Protein isolation using affinity chromatography

Many product or even waste streams in the food industry contain components that may have potential for e.g. functional foods. These streams are typically large in volume and the components of interest are only present at low concentrations. A robust and highly selective separation process should be developed for efficient isolation of the components. Affinity chromatography is such a selective method. Ligands immobilized to a stationary phase (e.g., a resin or membrane) are used to bind the component of interest. Affinity chromatography is, however, a costly process, due to the batch-wise operation, the large amount of solvents required and the high costs of the ligands and stationary phases. Therefore, its current use is mainly limited to lab-scale purifications and pharmaceutical applications.

The aim of this research was to investigate the potential of affinity chromatography for the isolation of minor protein in the food industry. The discovery of the VHH ligand, based on the binding domain of a llama antibody, has led to a new class of highly selective ligands, which can be produced on a large scale. We studied the chromatography process to measure productivity, but also to develop a rational protocol for decisions on suitable stationary phases and process configurations. The research presented in this thesis provides insights in the opportunities and challenges for large-scale affinity chromatography.

The isolation of protein using affinity chromatography requires several stages: adsorption, washing, and desorption. In Chapter 2, we studied these stages for the isolation of bovine serum albumin (BSA) from pure BSA solutions with high and low concentration and from actual feedstock, in this case cheese whey. A small-scale packed bed column was used to investigate the yield and productivity. BSA was retrieved in highly pure and concentrated form in the desorption stage. Furthermore, we found that the productivity of the system strongly depended on the point at which the adsorption stage is terminated.

Acids or salts are commonly used to disrupt the bond between ligand and target protein during desorption. This results in the use of large quantities of chemicals, whilst the potential of other methods for desorption, such as an increase in temperature, is not fully explored. In Chapter 3 we measured the thermodynamics of the adsorption reaction between BSA and the VHH ligand with isothermal titration calorimetry (ITC). Temperature and pH were varied to find other conditions for desorption. A buffer with high pH could be used for desorption, and an increase of temperature seemed to weaken the bond between protein and ligand. However, the acidic buffer would in this case still be most effective.

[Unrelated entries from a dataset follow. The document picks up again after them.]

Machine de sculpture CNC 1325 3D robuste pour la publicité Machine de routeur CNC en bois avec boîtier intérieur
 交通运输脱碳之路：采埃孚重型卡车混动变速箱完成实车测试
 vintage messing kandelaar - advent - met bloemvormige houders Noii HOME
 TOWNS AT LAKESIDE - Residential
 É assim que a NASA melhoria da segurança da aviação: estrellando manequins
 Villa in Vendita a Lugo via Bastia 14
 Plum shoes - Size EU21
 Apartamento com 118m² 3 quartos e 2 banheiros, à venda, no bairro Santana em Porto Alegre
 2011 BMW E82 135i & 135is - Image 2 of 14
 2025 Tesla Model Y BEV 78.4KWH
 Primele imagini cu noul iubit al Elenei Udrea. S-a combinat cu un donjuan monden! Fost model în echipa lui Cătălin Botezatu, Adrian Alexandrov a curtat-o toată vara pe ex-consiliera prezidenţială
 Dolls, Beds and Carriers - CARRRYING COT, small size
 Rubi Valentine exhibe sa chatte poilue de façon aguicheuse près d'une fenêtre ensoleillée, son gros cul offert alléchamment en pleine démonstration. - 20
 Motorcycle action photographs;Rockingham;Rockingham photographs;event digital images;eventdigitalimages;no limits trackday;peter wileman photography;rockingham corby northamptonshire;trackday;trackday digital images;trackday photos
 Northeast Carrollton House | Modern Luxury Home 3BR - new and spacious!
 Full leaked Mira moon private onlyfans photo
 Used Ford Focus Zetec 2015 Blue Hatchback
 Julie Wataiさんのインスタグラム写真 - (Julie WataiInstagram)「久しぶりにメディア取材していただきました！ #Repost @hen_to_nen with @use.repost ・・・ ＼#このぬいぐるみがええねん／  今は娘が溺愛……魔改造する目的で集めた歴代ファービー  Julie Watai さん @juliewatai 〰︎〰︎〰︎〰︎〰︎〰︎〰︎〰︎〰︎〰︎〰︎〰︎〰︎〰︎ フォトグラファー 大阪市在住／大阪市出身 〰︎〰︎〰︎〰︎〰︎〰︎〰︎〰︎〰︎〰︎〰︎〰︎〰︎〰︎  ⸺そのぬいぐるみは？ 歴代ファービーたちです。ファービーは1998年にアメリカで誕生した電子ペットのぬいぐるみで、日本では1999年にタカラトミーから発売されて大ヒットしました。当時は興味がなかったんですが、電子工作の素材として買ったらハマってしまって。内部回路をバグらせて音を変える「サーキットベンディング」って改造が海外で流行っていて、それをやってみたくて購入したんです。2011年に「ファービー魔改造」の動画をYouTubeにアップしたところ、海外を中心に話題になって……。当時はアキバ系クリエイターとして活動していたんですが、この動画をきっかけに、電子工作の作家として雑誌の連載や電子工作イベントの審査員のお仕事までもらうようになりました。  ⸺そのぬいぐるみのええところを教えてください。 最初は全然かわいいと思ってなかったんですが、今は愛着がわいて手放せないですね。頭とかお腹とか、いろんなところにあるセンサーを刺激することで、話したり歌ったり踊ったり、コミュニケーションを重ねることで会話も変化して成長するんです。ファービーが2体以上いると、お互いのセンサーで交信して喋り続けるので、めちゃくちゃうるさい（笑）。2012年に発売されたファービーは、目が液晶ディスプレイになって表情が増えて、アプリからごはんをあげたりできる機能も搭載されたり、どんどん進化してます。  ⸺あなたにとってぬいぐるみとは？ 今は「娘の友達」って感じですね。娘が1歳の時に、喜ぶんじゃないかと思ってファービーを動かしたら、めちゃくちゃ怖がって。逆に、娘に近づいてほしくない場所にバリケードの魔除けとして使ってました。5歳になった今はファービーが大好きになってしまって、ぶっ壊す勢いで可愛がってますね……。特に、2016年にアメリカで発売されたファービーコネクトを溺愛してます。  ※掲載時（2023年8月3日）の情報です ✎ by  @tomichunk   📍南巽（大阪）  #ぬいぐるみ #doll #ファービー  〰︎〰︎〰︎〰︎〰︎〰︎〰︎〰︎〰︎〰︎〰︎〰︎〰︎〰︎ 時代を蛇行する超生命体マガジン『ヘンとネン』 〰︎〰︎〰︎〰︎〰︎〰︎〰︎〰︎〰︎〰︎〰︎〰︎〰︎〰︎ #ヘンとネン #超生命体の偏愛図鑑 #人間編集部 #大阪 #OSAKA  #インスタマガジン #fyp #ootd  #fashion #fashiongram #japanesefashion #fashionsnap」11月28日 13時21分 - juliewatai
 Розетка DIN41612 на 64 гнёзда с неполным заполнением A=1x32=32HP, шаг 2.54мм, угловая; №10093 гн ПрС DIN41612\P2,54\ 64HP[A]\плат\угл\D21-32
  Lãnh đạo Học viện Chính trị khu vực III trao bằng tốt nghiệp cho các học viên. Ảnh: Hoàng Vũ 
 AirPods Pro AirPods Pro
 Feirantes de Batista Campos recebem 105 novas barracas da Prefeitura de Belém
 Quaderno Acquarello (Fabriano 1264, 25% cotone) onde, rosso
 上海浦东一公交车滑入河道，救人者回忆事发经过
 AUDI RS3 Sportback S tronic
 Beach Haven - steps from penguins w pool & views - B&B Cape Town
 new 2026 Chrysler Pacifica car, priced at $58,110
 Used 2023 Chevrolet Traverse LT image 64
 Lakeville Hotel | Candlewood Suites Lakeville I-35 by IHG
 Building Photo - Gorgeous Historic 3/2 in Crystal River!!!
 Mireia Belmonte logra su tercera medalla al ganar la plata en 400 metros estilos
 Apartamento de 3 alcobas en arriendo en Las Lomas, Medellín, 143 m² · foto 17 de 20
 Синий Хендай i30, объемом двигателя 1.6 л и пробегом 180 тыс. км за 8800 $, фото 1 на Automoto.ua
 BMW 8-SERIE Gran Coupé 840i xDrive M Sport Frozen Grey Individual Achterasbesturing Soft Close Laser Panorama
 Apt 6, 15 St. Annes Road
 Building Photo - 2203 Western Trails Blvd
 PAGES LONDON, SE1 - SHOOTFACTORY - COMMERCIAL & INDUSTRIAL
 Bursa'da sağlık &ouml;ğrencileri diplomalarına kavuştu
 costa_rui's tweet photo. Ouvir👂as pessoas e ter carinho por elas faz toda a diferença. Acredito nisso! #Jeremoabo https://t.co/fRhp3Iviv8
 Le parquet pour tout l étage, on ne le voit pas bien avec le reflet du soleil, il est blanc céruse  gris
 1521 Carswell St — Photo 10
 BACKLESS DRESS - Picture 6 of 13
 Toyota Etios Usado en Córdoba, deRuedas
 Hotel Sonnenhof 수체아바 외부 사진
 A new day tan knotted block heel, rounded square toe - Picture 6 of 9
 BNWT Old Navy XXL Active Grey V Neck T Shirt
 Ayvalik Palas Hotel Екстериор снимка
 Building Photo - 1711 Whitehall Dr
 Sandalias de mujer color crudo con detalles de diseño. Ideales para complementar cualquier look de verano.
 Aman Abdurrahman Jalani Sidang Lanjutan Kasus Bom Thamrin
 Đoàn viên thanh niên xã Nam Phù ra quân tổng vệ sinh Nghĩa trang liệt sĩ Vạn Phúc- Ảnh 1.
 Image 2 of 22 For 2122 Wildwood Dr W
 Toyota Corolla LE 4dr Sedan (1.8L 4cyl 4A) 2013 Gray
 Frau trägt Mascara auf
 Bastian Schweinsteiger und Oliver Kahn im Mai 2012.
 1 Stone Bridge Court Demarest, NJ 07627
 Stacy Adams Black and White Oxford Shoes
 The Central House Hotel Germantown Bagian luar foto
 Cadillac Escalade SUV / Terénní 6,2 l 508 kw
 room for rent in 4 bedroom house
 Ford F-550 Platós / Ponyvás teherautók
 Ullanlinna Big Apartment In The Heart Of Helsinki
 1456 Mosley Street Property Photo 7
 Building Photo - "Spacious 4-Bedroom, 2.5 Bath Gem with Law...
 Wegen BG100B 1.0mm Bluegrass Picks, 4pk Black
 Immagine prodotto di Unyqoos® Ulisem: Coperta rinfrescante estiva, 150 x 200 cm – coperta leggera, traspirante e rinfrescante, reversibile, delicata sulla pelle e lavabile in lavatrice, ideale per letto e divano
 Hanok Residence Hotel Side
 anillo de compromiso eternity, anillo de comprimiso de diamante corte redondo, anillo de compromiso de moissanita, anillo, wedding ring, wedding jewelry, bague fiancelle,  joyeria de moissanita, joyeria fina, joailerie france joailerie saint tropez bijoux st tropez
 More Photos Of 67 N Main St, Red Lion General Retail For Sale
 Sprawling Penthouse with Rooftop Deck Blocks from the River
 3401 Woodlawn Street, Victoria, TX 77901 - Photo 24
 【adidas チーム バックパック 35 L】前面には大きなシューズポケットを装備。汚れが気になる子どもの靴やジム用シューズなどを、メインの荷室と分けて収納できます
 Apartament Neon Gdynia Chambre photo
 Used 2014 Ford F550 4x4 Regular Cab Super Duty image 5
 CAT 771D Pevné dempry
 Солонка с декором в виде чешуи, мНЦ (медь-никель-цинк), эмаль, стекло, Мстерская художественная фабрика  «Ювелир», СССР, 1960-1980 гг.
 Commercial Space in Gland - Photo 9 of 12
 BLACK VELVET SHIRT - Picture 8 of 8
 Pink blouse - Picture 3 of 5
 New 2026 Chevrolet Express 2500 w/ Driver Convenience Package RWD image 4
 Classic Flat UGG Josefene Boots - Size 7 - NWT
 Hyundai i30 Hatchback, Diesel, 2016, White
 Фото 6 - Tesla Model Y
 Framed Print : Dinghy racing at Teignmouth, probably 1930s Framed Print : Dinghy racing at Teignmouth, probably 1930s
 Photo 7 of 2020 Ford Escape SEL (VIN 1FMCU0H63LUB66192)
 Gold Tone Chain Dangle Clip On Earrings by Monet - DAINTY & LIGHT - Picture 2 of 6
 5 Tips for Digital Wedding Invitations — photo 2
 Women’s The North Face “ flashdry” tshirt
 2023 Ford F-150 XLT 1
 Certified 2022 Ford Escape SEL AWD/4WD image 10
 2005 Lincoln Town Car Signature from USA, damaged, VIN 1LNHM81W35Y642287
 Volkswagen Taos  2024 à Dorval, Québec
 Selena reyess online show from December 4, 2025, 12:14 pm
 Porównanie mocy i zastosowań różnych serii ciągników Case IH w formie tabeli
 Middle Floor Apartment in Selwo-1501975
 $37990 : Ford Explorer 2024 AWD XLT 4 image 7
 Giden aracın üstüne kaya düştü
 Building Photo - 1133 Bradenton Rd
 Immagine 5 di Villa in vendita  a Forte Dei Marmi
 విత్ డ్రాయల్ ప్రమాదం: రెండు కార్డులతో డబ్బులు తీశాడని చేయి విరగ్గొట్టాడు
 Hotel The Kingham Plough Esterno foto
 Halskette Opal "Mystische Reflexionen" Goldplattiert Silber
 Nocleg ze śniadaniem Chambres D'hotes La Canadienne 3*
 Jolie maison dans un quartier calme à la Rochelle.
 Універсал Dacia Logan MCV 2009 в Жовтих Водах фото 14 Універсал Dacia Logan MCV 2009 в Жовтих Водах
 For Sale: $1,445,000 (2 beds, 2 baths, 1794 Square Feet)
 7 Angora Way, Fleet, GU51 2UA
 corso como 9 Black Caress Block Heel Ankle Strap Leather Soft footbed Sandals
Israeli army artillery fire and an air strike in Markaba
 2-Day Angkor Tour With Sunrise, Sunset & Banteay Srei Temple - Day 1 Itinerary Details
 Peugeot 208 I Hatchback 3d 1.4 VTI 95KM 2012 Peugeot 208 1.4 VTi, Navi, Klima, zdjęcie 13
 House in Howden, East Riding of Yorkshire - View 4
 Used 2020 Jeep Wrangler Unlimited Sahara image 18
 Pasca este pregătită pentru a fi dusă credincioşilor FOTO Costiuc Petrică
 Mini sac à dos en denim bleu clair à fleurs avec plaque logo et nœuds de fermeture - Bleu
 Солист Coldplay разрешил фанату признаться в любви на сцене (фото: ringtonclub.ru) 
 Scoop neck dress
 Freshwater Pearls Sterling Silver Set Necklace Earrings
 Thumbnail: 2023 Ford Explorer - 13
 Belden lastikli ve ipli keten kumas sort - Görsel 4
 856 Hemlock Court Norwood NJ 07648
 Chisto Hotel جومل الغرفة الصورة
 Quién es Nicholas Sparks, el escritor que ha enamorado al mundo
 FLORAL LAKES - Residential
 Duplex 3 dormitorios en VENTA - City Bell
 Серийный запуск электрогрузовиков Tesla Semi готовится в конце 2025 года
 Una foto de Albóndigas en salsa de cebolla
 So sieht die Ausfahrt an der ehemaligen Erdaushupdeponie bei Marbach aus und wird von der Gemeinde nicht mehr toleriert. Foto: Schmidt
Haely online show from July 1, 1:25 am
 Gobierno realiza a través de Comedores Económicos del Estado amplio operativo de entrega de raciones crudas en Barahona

Apart from the bond between ligand and target protein, the stationary phase to which the ligand is immobilised plays a key role in the chromatography process. Many supports are available, of which we investigated a selection of resins for packed bed chromatography in Chapter 4. We found that some resins were unsuitable for our process due to their low adsorption capacity. A ranking and weighing method was presented to determine the optimal resin depending on the requirements of the process.

An important issue we found for all the resins investigated, was the low adsorption capacity compared to other types of adsorptive chromatography processes, such as ion exchange chromatography. Therefore, we studied the immobilization of the ligand to three resins in more detail in Chapter 5. The efficiency of ligand immobilization depended on the ligand concentration used in the immobilization procedure. However, only approximately one out of five immobilized ligands was able to bind to the target. Improvement of ligand immobilization is therefore a potential route to increase the feasibility of affinity chromatography for large-scale processes. 

Eventually the lab-scale process has to be scaled-up to industrial scale. The commonly used axial flow column, essentially a cylinder filled with resin through which the feed flows in the axial direction, can have problems at scale-up, because of increased pressure drop as the column is lengthened. Therefore, scale-up usually takes place by widening the column. Another option is to use a radial flow column, in which the resin is confined between two concentric cylinders and liquid flows from the outside inwards or from the inside outwards. The radial flow column can be scaled up in height instead of width. In Chapter 6 we compared axial and radial flow affinity chromatography both experimentally and theoretically. We found that the differences in performance were minimal, because the process was limited by diffusion inside the resin particle. At a small process scale, radial flow columns are impractical in terms of size, but at a larger process scale they may compete with axial flow columns because of their smaller foot print and possibly lower construction costs.

The research in this thesis was focused on a defined ligand-protein system and commercially available resins in packed-bed configuration. The potential of other stationary phases, such as non-porous (magnetic) particles, membranes and monoliths was therefore discussed in Chapter 7. We found that currently the packed bed of porous resin beads still seems to be the most suitable configuration. A radial flow column with porous affinity resin is in theory capable of isolating a low-concentrated protein from a large feed of 10 m³/h. However, the relatively low capacity of the resin, the limited liquid velocity, as well as large buffer usage and the current costs remain important issues to resolve to further expand the opportunities of affinity chromatography for minor protein isolation.